# Goats and ducks living together?



## shanzone2001 (Nov 8, 2009)

I just bought my daughter two duckings. They will be in their cage for at least 2 months, but I would like to eventually clip their wings and let them roam the large goat corral during the day. I heard goats cannot eat poultry feed because it is too rich for them. Any suggestions on how to make this work?
Thanks!


----------



## liz (Oct 5, 2007)

If your fencing will allow the ducks to slip their heads through and the goats can't you can put the ducks feed dish onb the outside of the fence. Also, it's very important to keep the goats water buckets up and out of the ducks reach....give them their own oversized pan otherwise those ducks will make a mess of your goats buckets.


----------



## Epona142 (May 26, 2008)

I used to keep a muscovy in with the goats. He kept bugs down and generally was a good fellow. He would occasional try to mate with the goats and he had his own water pail that he fouled horribly every day. 
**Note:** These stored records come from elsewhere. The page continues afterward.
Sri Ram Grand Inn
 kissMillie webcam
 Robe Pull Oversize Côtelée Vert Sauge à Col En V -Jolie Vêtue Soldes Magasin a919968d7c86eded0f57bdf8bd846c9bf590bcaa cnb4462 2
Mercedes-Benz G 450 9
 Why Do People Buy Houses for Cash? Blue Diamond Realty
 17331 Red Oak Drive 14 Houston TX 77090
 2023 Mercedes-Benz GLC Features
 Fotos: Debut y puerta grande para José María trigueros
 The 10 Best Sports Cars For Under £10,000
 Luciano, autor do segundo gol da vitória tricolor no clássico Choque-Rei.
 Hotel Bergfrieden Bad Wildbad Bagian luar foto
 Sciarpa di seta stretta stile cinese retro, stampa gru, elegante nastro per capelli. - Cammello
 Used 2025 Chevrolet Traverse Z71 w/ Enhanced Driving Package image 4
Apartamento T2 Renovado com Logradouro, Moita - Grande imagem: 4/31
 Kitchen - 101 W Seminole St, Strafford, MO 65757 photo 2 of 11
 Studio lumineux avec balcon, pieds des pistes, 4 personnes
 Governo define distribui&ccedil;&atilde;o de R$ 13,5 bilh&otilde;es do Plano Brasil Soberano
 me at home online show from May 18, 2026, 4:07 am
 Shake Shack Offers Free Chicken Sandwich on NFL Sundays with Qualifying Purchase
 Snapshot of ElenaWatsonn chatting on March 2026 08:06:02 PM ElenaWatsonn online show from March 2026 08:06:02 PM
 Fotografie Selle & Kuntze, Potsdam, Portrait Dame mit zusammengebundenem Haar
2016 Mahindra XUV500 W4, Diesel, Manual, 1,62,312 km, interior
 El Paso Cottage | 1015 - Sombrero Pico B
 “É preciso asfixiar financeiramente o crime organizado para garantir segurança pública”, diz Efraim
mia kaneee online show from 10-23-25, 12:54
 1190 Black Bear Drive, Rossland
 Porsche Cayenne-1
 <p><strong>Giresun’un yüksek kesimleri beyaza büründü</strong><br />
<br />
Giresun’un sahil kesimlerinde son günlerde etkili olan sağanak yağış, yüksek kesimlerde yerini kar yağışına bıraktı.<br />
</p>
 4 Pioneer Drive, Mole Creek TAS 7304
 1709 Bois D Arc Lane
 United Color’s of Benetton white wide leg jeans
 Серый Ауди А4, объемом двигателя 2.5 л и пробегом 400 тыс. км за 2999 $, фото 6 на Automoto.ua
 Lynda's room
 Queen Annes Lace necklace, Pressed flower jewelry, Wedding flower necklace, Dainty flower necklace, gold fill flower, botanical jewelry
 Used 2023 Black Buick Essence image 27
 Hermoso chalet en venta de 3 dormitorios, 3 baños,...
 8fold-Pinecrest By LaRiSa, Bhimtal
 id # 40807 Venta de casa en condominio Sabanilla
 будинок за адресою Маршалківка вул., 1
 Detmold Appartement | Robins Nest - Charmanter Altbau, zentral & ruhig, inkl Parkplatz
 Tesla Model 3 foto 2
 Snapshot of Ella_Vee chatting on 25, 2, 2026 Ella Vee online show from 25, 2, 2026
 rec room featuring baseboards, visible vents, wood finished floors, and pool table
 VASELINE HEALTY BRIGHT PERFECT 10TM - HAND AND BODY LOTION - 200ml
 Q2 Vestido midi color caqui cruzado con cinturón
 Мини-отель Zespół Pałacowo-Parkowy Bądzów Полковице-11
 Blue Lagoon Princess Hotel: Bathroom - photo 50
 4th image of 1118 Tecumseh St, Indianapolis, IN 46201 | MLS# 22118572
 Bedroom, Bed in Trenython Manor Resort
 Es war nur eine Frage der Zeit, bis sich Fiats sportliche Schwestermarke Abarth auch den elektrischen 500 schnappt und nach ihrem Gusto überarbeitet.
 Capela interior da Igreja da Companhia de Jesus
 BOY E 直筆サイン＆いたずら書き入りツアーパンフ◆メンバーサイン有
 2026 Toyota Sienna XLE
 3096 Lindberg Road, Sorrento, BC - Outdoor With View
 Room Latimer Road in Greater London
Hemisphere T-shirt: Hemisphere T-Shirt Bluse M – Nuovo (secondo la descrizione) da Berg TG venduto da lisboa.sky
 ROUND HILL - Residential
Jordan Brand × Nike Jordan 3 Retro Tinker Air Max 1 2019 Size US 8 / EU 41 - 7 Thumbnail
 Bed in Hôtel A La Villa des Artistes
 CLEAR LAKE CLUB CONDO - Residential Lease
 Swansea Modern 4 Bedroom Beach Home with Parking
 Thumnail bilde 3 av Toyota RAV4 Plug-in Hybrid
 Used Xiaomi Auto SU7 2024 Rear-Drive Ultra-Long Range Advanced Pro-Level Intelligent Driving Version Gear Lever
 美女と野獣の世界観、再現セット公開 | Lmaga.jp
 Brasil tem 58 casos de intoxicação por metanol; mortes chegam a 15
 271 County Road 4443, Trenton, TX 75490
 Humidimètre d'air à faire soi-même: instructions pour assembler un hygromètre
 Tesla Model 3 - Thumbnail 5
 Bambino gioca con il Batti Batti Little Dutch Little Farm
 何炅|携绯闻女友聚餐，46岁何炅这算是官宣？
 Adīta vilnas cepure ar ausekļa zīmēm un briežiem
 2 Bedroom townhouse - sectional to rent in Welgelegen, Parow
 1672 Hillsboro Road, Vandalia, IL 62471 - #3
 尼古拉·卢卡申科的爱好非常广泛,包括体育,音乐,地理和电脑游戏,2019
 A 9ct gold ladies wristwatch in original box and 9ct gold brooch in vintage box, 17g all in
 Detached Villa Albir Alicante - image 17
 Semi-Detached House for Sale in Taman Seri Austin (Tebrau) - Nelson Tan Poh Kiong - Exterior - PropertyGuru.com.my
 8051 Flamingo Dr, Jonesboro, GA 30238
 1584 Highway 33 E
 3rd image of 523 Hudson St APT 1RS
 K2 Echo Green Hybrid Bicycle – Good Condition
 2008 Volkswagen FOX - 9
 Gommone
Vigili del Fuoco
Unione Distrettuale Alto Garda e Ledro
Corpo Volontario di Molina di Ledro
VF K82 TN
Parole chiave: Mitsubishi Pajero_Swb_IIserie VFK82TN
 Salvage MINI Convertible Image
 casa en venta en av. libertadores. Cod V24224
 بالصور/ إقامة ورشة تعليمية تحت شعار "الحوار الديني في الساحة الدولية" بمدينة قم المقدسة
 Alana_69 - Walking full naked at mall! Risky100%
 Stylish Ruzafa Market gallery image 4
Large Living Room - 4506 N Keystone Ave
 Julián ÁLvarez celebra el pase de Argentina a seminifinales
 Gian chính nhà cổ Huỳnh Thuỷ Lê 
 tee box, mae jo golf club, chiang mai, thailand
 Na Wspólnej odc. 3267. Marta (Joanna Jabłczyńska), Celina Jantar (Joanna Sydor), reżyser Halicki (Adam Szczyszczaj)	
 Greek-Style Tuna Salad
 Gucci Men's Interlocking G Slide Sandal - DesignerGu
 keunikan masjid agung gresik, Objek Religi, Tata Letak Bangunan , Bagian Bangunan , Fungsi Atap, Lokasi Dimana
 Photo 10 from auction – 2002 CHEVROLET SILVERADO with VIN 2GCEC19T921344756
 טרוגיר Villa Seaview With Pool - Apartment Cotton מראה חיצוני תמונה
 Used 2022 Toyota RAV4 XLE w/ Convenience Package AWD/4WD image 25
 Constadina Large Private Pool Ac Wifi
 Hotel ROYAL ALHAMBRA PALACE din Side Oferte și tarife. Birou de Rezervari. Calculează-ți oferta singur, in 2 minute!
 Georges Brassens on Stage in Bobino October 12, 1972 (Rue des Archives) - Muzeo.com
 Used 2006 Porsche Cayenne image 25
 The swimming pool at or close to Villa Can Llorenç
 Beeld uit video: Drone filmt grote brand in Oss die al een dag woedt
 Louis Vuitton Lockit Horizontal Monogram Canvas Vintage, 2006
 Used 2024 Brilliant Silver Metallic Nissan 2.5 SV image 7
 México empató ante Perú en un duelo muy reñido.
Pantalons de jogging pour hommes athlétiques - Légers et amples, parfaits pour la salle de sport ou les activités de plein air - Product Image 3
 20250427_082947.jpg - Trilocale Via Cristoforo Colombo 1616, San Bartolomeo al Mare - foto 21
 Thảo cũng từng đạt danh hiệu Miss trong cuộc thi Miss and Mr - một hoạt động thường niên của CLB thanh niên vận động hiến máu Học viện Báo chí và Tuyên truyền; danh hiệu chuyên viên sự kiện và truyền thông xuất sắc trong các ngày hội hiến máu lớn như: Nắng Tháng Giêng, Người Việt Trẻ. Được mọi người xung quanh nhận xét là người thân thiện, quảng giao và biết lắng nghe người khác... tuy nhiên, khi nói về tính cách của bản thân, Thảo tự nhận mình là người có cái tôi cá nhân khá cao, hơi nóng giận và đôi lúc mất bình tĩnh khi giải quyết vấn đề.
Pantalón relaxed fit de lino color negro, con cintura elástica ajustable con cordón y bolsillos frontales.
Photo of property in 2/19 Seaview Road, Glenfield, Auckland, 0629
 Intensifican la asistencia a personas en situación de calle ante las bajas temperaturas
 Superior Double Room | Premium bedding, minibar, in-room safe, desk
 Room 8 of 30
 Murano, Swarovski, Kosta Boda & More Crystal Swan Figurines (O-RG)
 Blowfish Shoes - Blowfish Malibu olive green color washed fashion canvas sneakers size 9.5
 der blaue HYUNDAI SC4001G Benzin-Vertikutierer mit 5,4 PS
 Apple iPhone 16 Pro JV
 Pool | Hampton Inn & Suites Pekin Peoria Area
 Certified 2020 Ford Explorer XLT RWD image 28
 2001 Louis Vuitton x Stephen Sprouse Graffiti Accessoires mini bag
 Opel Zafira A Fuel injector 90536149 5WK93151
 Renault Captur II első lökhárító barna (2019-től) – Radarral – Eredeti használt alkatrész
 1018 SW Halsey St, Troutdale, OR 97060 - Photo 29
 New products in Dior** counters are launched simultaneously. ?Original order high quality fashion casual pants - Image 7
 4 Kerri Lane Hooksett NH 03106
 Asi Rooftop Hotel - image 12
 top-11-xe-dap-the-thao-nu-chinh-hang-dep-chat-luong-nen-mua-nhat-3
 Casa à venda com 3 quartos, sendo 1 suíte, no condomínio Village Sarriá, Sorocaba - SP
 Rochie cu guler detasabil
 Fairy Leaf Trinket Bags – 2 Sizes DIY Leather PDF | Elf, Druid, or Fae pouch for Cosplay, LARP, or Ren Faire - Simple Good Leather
You have to ensure there's water the ducks can't get into because ducks are NASTY. I'm hoping to get a few more muscovies when we extend the pastures to help with bugs. Or perhaps guineas.


----------



## Dairy Goat Lover (Sep 28, 2009)

I have kept ducks in with mine- no probs. But be very careful of your goats getting Toxoplasmiosis (sp?) its hard on them; or so I have been told by other breeders. 

Good Luck :thumb:


----------



## FunnyRiverFarm (Sep 13, 2008)

Ducks poop on everything...if that does not bother you and you have a way to keep them out of the goat drinking water they'll be fine.


----------



## KW Farms (Jun 21, 2008)

Definately wouldn't keep ducks with goats. The will constantly go into the trough and make the water discusting which can cause your goats to get sick. I guess if you can find some way to keep them out then it would be ok, but they still would poop all over on hay and eat their grain, etc. so ???


----------



## myfainters (Oct 30, 2009)

I would get the automatic waterers... the lick ones.. for the goats. Then I would fence in a little pond where the goats couldn't get in but the ducks could... that way you won't have to deal with nasty duck ick in your goaty water.


----------



## DebMc (Dec 11, 2009)

My goats share their yard with turkeys. The turkeys bathe in a large yet shallow water tub. The goats steer clear of that tub as they don't like dirty water and they have 4 buckets of clean drinking water that the turkeys can't fit their plumpness into. As far as feed goes, the turks free range it during the day and get dry feed (and canned tuna) only when locked in their coop for the night, where the goats can't reach it. Works out fine. Good arrangement as the turks also clean up spilled hay pellets and grain along with lots and lots of bugs. Most species of ducks are good buggers, too. 


Deb Mc


----------



## jdgray716 (Aug 8, 2008)

If you keep the water clean you will be fine. As for feeding time you could make a small duck shoot to a small holding area where they could eat. If you fince in a pond, just make the shoot to the pond area and feed them there.


----------



## magilacudy (Mar 18, 2009)

I personally would not. I've been raising ducks and geese for 7 years. They are extremely messy.The worst thing I ever did way try and keep the goats with some of my smaller ducks while I was working on a new pen. The pen needs to be cleaned twice as often, even the outside pen which has pea gravel gets yuck and needs to be hosed down more often.
The goats can NOT eat waterfowl or poultry feed. Another problem was the goats stepping on the ducks when it was feeding time and I ended up with a few injured wings.
And as previously said water is a big issue. The bowl will be clean one minute and filthy the next. I even had ducks jumping into the goats water buckets which are up high and taking a bath. If possible I would really not keep them together at all, it just means alot more work. I am very much looking forward to the new duck house we are putting in this spring so the birds are no longer in my barn.


----------



## bheila (Jan 10, 2009)

I personally wouldn't do it, again. If you all were able to keep the water buckets clean, let me know your secret ;0)


----------



## new2goats2013 (Nov 20, 2013)

I was thinking of putting my runner ducks/turkeys/goats in one big outdoor pen area. They would each have their own nighttime housing arrangements, but they would all open up to the same outdoor fenced in area. Would this work out? Each could have their own feed/water in their own nighttime housing area. The only thing I'd question is where to put the little kitty pool for the ducks and would the turkeys be wanting to take a swim/play in the water as well? Sorry,I don't mean to take over the thread this was just right in line with waht I was thinking and was wondering people's opinions.

thanks a bunch!


----------